Requirement> A faithful, complete copy of the entries is the sole expected answer.

(Stored entries)
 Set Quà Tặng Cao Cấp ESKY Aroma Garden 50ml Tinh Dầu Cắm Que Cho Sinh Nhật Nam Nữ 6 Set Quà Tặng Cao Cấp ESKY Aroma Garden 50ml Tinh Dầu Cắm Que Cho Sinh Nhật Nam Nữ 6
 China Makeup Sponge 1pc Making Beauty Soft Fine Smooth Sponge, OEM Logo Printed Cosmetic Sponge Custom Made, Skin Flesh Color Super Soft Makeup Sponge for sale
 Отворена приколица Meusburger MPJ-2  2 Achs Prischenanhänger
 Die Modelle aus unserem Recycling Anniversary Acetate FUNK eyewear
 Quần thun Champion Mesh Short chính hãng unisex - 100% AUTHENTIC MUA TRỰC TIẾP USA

Task answer>
 Set Quà Tặng Cao Cấp ESKY Aroma Garden 50ml Tinh Dầu Cắm Que Cho Sinh Nhật Nam Nữ 6 Set Quà Tặng Cao Cấp ESKY Aroma Garden 50ml Tinh Dầu Cắm Que Cho Sinh Nhật Nam Nữ 6
 China Makeup Sponge 1pc Making Beauty Soft Fine Smooth Sponge, OEM Logo Printed Cosmetic Sponge Custom Made, Skin Flesh Color Super Soft Makeup Sponge for sale
 Отворена приколица Meusburger MPJ-2  2 Achs Prischenanhänger
 Die Modelle aus unserem Recycling Anniversary Acetate FUNK eyewear
 Quần thun Champion Mesh Short chính hãng unisex - 100% AUTHENTIC MUA TRỰC TIẾP USA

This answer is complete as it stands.